Полтора года шло искоренение антисталинского крыла партийно-государственного и военного руководства, известнейшие люди страны исключались из партии, снимались с должностей, отдавались в руки прокуроров и судей. Рабочие собрания требовали кары для врагов народа, на улицах больших городов шумели демонстрации с призывами правосудия и расправы. Страницы газет выходили с заголовками: “Расстрелять убийц”, “Врагов народа к ответу”, “Стереть с лица земли”, “К высшей мере!”.
Писатели, знакомые и друзья Мандельштама — Шкловский, Катаев, Безыменский, Инбер, Олеша, Зощенко, Антокольский и другие (в большинстве своем евреи) подписывали письма с требованиями расстреливать двурушников.
А что же в это время делал Мандельштам, находившийся в воронежской ссылке и не имевший никаких гражданских прав, кроме права писать стихи? В самый пик накала идеологической и репрессивной температуры — зимой и ранней весной 1937 года — он чувствовал такой небывалый прилив творческих сил, что поневоле начинаешь думать о тайной глубинной связи эпохи Большого Террора с окончательным утверждением в поэзии Мандельштама Большого Стиля.

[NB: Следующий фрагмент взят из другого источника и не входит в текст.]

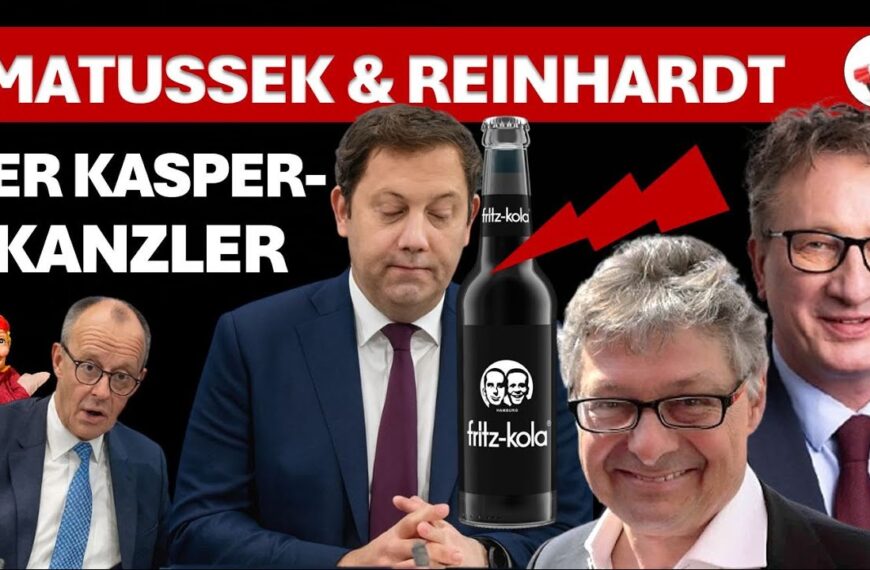 Undemokratische Firmen: Was Rossmann, Vorwerk & Fritz-Kola jetzt lostreten | Matussek & Reinhardt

Январь — июнь 1937 года — решается судьба Бухарина, Радека, Пятакова, Сокольникова, Рыкова, Тухачевского, Корка, Якира, Примакова, а Мандельштам пишет, пишет и пишет стихи о расширяющемся времени, об укрупнении жизни, об уплотнении пространства, о своей неимоверно быстро крепнущей связи с эпохой. Он не извлекает из этого творчества никакой выгоды, никуда не посылает стихи — ни в газеты, ни друзьям-поэтам, ни в Кремль, пишет в стол — то есть его творчество в это время лишено всякого прагматического смысла, всякой корысти… Он просто уясняет сам себе свое понимание жизни, с возможной надеждой, что всё написанное им в это роковое время когда-нибудь прочитают в будущем. Именно в знаковом 1937 году он писал так вдохновенно, как никогда. В декабре 1936 года — шестнадцать стихотворений, в январе 1937-го — пятнадцать, в феврале — двенадцать, в марте — пятнадцать.
Пятьдесят восемь стихотворений за четыре месяца! В иные дни по два—три стихотворения. И почти все стихи излучают не просто согласие с временем, но даже восхищение им…
21 — 22 января 37-го года он зовет на помощь в работе “по укрупнению жизни” своего любимого Данта:
С чёрствых лестниц, с площадей
с угловатыми дворцами
Круг Флоренции своей
Алигьери пел мощней
утомлёнными губами.
Бытовые неурядицы не помеха для творчества в эпоху борьбы Сталина и Троцкого, гвельфов и гибеллинов. Если уж Дант мог говорить с “чёрствых лестниц” о новой жизни, то эти строки о нем были написаны через несколько дней после того, как поэт поставил молодые воронежские холмы рядом с легендарными холмами Тосканы. Голос Данта, слышимый “с площадей с угловатыми дворцами”, перекликается в стихах с его голосом, несущимся из центра Третьего Рима с площади, где “круглей всего земля” , простирающаяся “вниз до рисовых полей” , “ покуда на земле последний есть невольник” . “Я обведу глазами площадь всей — всей этой площади с её знамён лесами” . Может быть, это описание народного шествия, требующего расправы с врагами социализма.
А почему бы нет? Разве поэт через несколько дней после сообщения о расстреле Тухачевского и его соратников не написал:
Необходимо сердцу биться:
Входить в поля, врастать в леса.
Вот “Правды” первая страница,
Вот с приговором полоса.
И далее о том, что всем патриотам страны должно сплачиваться в трудное время вокруг вождя:
Непобедимого, прямого,
с могучим смехом в грозный час,
находкой выхода прямого
ошеломляющего нас.
В воспоминаниях М. Чудаковой о встречах с вдовой Михаила Булгакова Еленой Сергеевной есть важные свидетельства того, что взгляды Булгакова и Мандельштама на события 1937 года были очень близки: “— У него (Булгакова. — Ст. К. ) было ощущение возмездия от этих арестов?